仕事の報酬は仕事

ちょっと前(2007年1月)に,文藝春秋1月号の記事「成果主義ソニーを破壊した」(天外伺朗 作家・ソニー元上席常務)を会社の先輩に読ませてもらいました。 その中で,こういうタイトルの章がありました。

「仕事の報酬は仕事」


ソニー創業者の井深氏は「仕事の報酬は仕事」が口癖だったそうです。いい仕事をしたら,次にもっといい仕事,おもしろい仕事ができる。

現在,成果主義の導入により,ソニー社員は仕事に対するモチベーションを金銭的報酬にしか見出せなくなったそうです。確かに,目の前にニンジンをぶら下げられたからといって,誰しもが仕事をするものではないのでしょうね。 チクセントミハイ氏(よく知りませんが)らの研究によると,外発的動機(金銭的報酬から生まれる)が強くなれば内発的な動機が抑圧されることが分かっているそうです。
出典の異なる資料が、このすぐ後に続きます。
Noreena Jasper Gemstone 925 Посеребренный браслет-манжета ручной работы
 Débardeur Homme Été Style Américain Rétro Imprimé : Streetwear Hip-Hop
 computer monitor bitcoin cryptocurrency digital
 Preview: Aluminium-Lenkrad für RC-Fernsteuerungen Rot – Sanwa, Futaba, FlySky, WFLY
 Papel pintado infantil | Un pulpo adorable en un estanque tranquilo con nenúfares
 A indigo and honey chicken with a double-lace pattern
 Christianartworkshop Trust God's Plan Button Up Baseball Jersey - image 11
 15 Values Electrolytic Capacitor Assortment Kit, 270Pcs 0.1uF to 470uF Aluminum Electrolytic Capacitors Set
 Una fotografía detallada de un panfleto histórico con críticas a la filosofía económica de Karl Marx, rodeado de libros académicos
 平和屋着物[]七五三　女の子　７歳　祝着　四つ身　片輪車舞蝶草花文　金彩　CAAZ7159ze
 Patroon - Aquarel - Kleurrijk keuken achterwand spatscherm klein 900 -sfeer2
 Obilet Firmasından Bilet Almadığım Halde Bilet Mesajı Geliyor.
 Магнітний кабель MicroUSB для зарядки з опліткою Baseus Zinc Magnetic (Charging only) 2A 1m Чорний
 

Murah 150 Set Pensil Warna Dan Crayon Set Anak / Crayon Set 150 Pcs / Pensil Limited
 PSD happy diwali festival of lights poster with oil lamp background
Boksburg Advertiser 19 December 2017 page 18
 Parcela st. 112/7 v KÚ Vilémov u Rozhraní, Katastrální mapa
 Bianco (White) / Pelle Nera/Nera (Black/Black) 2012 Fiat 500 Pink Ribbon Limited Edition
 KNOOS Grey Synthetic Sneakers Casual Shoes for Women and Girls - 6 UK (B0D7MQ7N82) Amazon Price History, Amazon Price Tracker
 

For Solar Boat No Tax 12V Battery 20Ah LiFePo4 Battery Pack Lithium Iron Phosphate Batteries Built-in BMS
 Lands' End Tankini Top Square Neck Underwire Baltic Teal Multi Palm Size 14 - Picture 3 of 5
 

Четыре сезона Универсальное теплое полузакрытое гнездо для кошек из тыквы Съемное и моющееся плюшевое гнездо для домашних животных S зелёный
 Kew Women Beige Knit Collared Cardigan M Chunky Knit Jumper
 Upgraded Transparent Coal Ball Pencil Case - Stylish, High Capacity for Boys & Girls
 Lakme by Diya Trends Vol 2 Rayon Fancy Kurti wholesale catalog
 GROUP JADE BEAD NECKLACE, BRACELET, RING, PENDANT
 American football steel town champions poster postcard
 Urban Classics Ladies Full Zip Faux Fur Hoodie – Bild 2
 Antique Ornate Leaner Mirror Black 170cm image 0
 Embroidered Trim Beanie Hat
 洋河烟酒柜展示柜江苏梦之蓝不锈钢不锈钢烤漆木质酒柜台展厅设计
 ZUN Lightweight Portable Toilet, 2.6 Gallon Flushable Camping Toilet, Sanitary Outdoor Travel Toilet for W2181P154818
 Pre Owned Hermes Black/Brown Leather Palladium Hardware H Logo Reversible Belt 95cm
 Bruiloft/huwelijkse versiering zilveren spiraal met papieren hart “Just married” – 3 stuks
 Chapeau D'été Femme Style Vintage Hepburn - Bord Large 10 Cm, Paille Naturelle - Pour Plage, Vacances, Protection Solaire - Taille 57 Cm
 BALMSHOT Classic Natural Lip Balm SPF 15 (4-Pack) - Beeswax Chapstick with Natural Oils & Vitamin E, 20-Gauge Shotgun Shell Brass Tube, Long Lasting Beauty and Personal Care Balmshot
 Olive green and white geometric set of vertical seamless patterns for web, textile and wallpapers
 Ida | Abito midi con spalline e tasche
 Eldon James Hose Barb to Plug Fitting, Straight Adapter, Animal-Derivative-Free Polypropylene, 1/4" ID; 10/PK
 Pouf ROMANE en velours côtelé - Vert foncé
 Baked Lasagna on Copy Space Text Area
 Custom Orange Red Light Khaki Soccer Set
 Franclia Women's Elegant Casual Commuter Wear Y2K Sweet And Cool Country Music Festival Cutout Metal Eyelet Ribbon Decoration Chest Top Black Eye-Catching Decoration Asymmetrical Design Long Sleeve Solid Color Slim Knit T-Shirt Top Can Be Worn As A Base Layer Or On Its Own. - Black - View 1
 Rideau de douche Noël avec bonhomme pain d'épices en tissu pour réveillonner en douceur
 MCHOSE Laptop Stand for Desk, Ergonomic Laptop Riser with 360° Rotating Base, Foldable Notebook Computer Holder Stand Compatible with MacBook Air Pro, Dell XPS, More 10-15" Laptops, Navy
目標に対する達成度を計測するとなると,みんな達成できそうな低い目標を掲げてしまう。ひどい場合は自分の成果/評価ばかり気にするようになってしまう。

一方,ソニー創業者の井深氏は「仕事の報酬は仕事」が口癖だったそうです。

「仕事の報酬は仕事」というシステム,私にはかなり魅力的に写ります。実際,自分の評価についてほとんど気にしてません。気にしてたらやってられない,というのが本音だし,本質的な仕事に注力できないと思うんです。時には,じっくりと勉強/調査が必要なフェーズがあって,成果がでない時期もあると思います。でも,成果を気にしていると,その重要な勉強/調査がおろそかになってしまって,後々に響いてしまうかもしれません。

いい仕事をすれば昇進,というのは別に良いと思いますが,昇進の道がマネージャのみ,となるとどうかな,と思います。マネージャの仕事がおもしろいと思う人であれば「仕事の報酬は仕事」になりますが,そうでない人にとってはそうならないと思います。

ちなみに,米国の大学教授である友人は,「両方満たすべきだ」と力説されていました。つまり,面白い仕事を通じて自分の知的好奇心を満たしつつ,しかも見合った金銭的報酬を受け取る。

宇宙旅行に行ったマイクロソフト元社員を思い出すと,「両方満たしている」人がいるのでしょうね。私もそうなりたいものです。